The biggest reason given for not reading was a lack of time. Yet teens find the time to watch nine hours of entertainment media a day according to Common Sense Media’s study released last month.

They can’t seem to find 10 minutes a day to read 10 pages in a book that they personally chose for themselves.

While many students did write that “reading is absolutely essential” to their academic and career success, some did not see it that way.

“I don’t think it is essential to get through high school and college.”

“We are used to visuals; one would rather have it read to us than read ourselves.”

“Reading books is pointless, they are just really dumb.”

“If I felt like it, I could be at least mildly successful without reading another written word in my life.” Remember, this student volunteered to enroll in an honors English class.

By the way, one of the requirements of the reading log is for the student and his parent to sign off on the paper as a way of securing the veracity of the work.   Evidently, students do not take signing one’s name to a piece of paper as meaningful.

I tell my students the best way to improve their writing and speaking skills is to read material at or slightly above their reading level. Just by seeing words in print will expand their vocabulary database.

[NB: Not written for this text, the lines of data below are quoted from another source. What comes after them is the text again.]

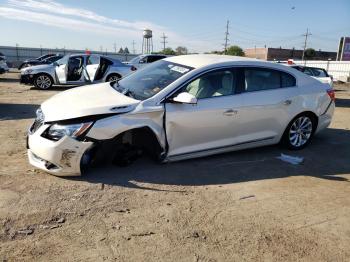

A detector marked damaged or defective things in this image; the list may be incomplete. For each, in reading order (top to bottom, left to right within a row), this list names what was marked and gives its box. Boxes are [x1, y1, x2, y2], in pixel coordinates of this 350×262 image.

crushed hood [41, 81, 139, 122]
broken headlight housing [45, 122, 93, 141] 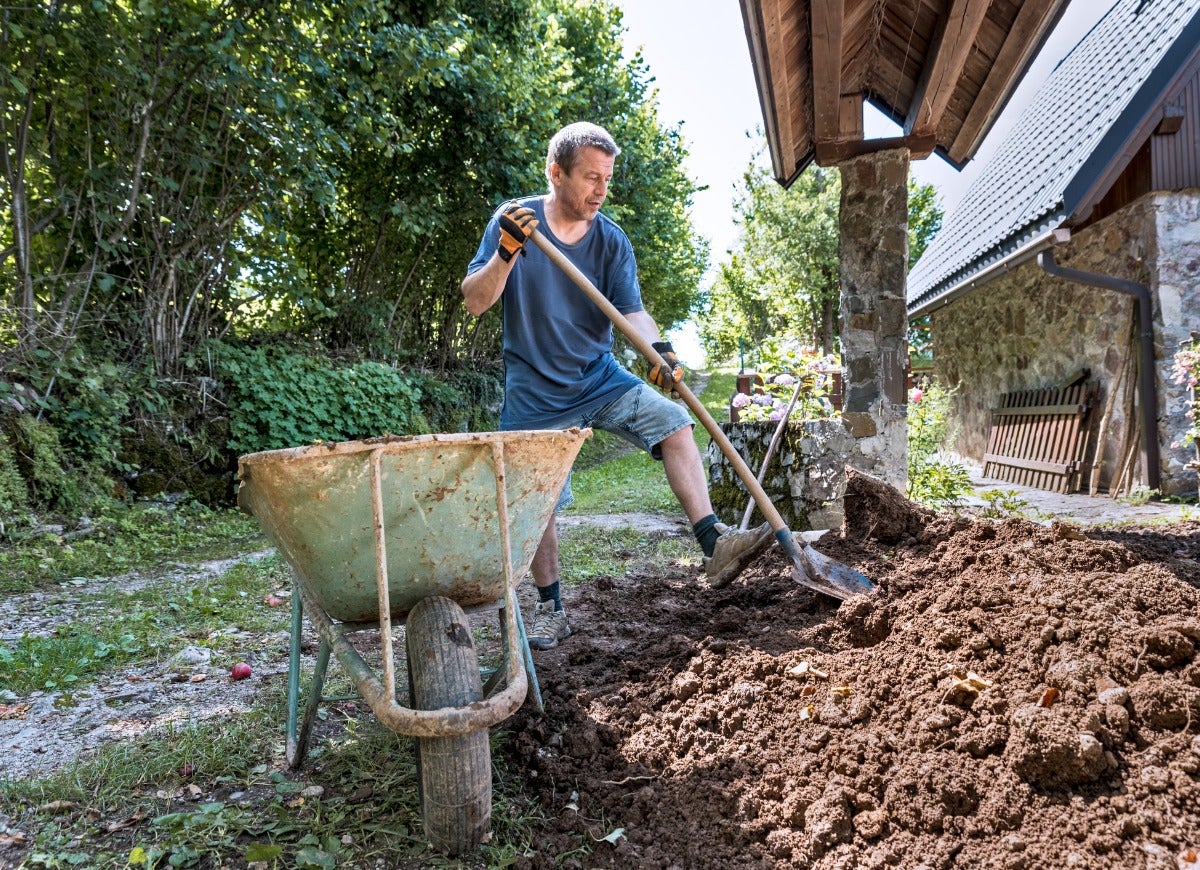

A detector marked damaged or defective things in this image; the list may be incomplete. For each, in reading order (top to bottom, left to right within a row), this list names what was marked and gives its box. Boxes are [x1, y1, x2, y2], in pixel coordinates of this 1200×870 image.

rusty wheelbarrow [236, 430, 592, 860] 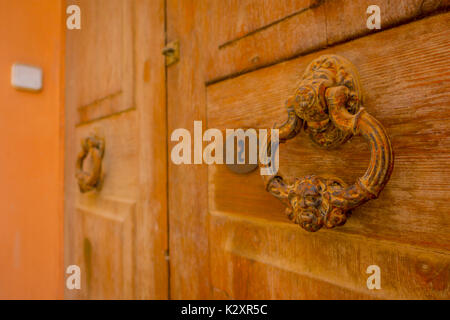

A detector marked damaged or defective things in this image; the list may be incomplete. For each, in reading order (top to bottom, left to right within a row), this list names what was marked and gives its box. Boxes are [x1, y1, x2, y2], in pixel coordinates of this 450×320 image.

rusty iron door knocker [77, 135, 106, 192]
rusty iron door knocker [260, 55, 394, 232] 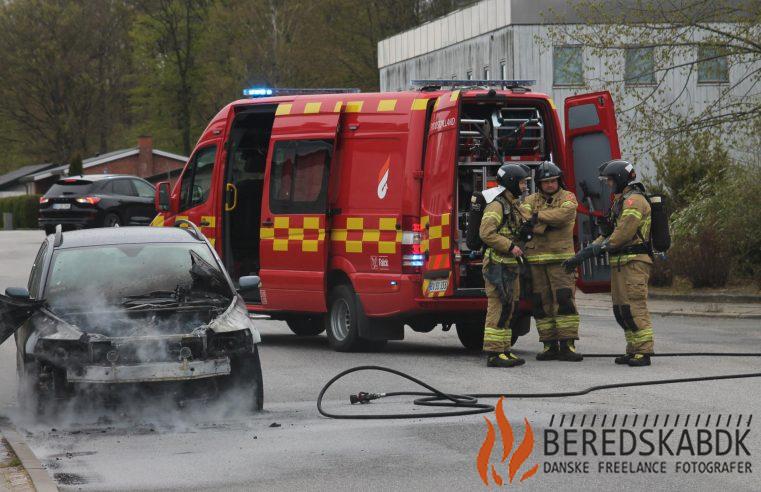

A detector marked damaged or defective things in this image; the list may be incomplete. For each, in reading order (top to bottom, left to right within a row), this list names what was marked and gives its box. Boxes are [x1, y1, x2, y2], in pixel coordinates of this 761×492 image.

damaged vehicle [0, 223, 262, 416] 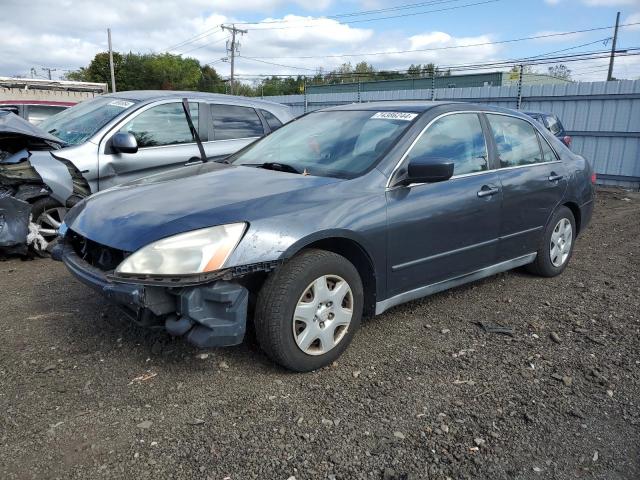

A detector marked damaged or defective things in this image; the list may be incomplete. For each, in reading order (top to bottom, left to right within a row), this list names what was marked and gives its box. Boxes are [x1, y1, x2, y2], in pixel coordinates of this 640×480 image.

crumpled hood [0, 111, 64, 150]
crumpled hood [66, 161, 340, 251]
damaged front bumper [52, 242, 250, 346] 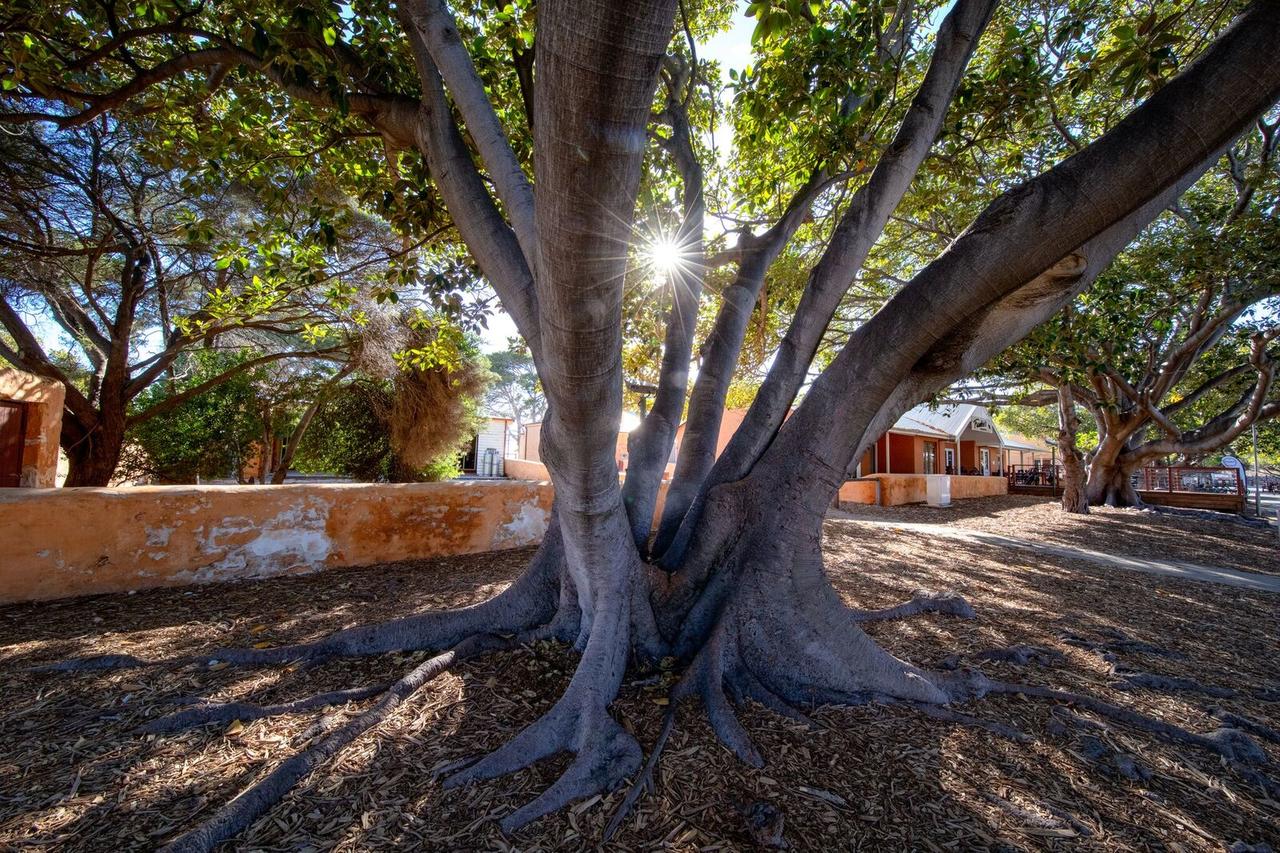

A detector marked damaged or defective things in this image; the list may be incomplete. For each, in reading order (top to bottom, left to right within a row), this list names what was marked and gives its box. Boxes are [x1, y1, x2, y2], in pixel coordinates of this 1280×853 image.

Renaissance Learning, an education analytic company, discovered that students who read 30 minutes a day were exposed to 13.7 million words by the time they graduated high school, while those who read fewer than 15 minutes viewed only 1.5 million words.   Unfortunately, the former group represented 18% of kids while the latter 54%.

And the problem gets exponentially worse in college where there are textbooks not as watered down as the ones kids read in high school, another factor why so many college students struggle finishing a degree.

We are living at a time when reading books is not a viable option for kids in their spare time. Perhaps if they observed more of their parents reading a book it would interest them.

Think about this: how many teenagers will be receiving books as presents this Christmas compared to video games?   Books have become the new “underwear” present that evidently few people want under the tree.